Provided information –
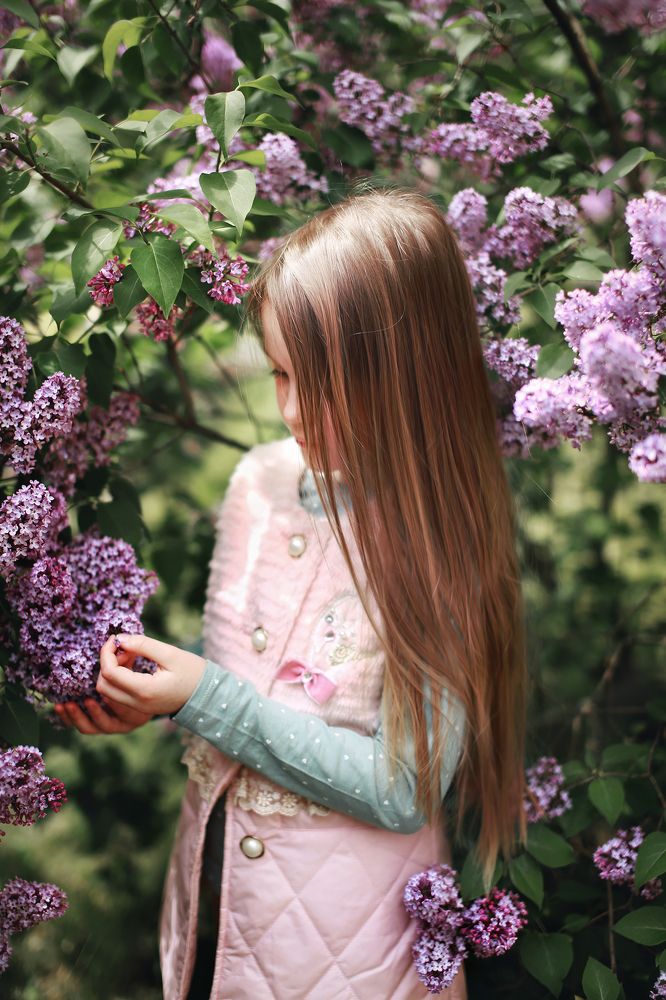 Цветет сирень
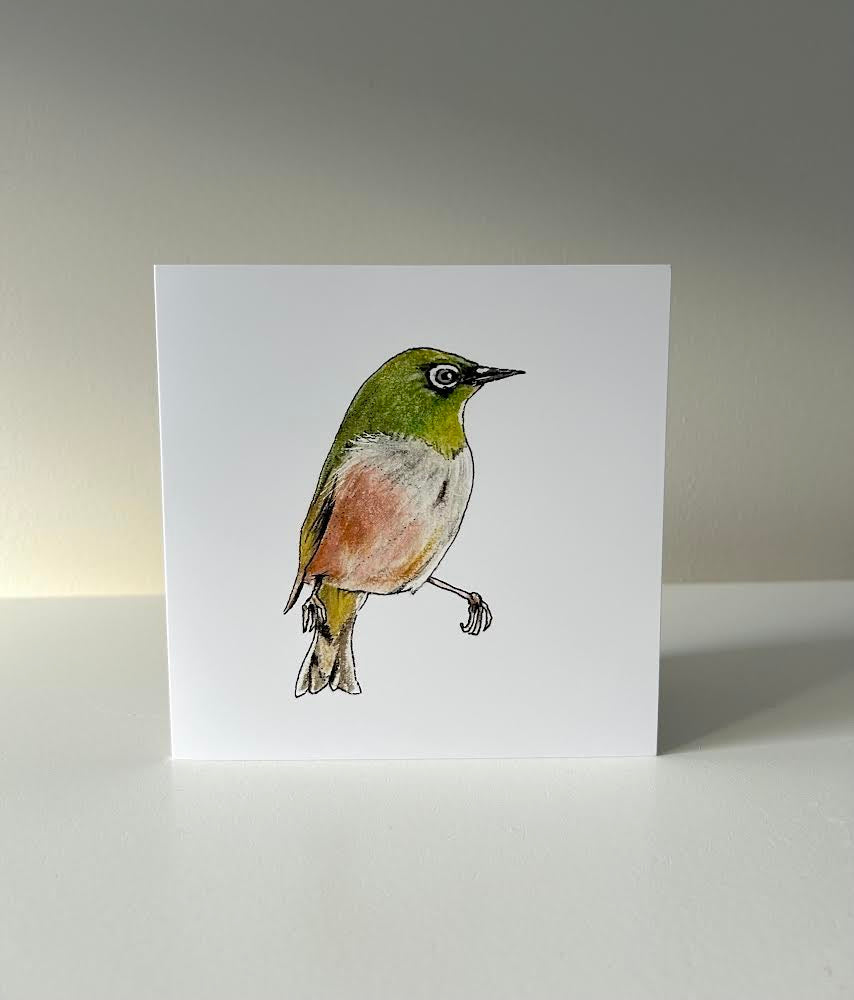 Silvereye Finch card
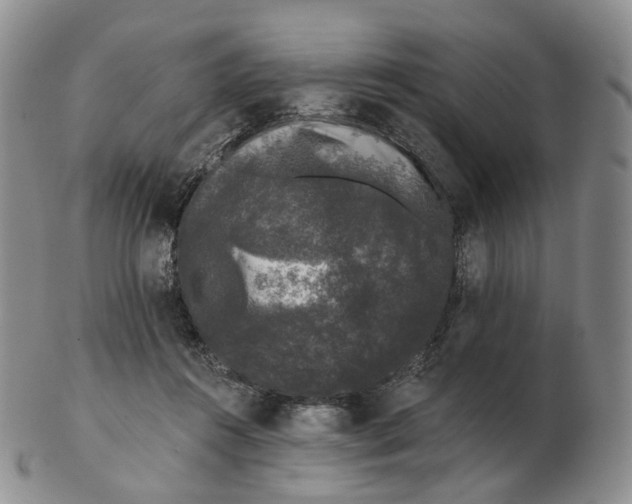 X0000103150360200809121821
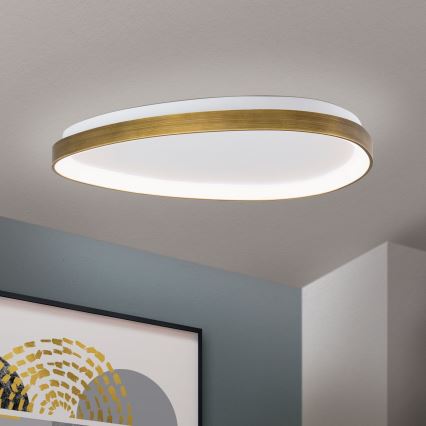 LED Plafondlamp CHARLIE LED/48W/230V diameter 65 cm goud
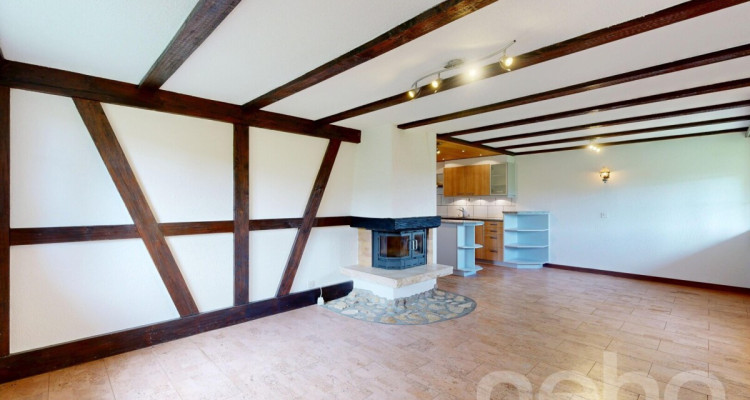 Idyllische Wohnung + Studio ideal für Pferdeliebhaber image 1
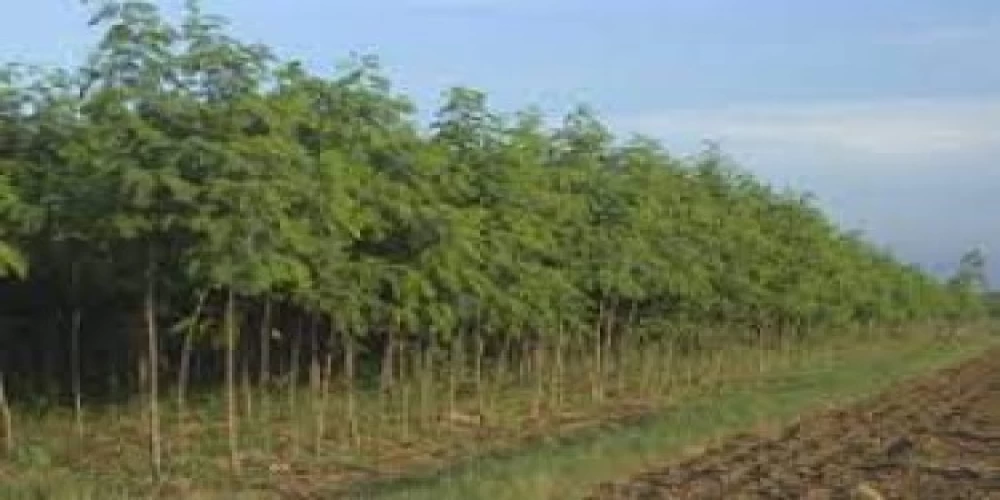 Only One Earth: An initiative by Cosmo Foundation, planted more than 15,000 trees Only One Earth: An initiative by Cosmo Foundation, planted more than 15,000 trees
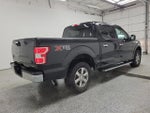 2019 F-150 Thumbnail 3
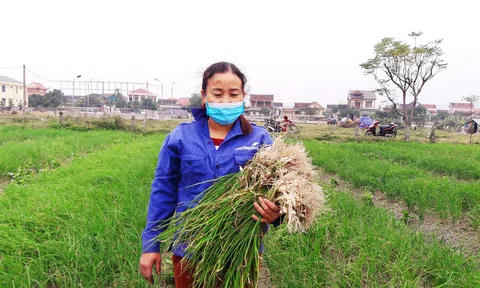 Hà Tĩnh: Ảnh hưởng của đại dịch Covid - 19, hành tăm gặp khó trong tiêu thụ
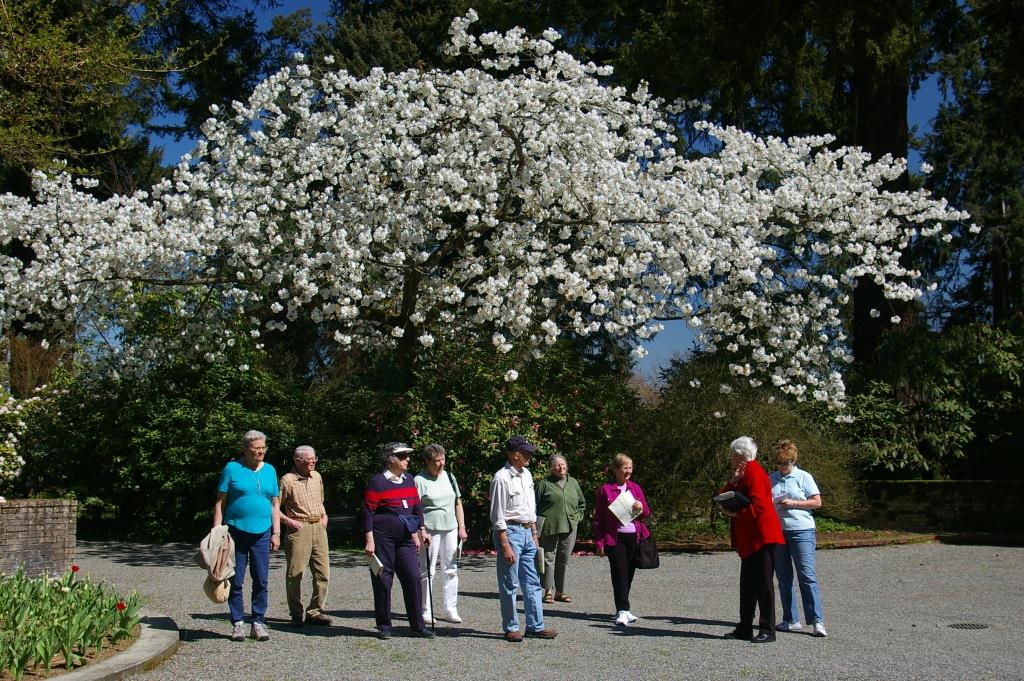 Bernadette Smith, a volunteer docent for more than 20 years, leads a tour of Lakewold Garden.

Instructions to follow – From the line that contains "LED Plafondlamp CHARLIE" to the final line of the material, write out each line exactly. Pictures stay out.

Output of the task –
 LED Plafondlamp CHARLIE LED/48W/230V diameter 65 cm goud
 Idyllische Wohnung + Studio ideal für Pferdeliebhaber image 1
 Only One Earth: An initiative by Cosmo Foundation, planted more than 15,000 trees Only One Earth: An initiative by Cosmo Foundation, planted more than 15,000 trees
 2019 F-150 Thumbnail 3
 Hà Tĩnh: Ảnh hưởng của đại dịch Covid - 19, hành tăm gặp khó trong tiêu thụ
 Bernadette Smith, a volunteer docent for more than 20 years, leads a tour of Lakewold Garden.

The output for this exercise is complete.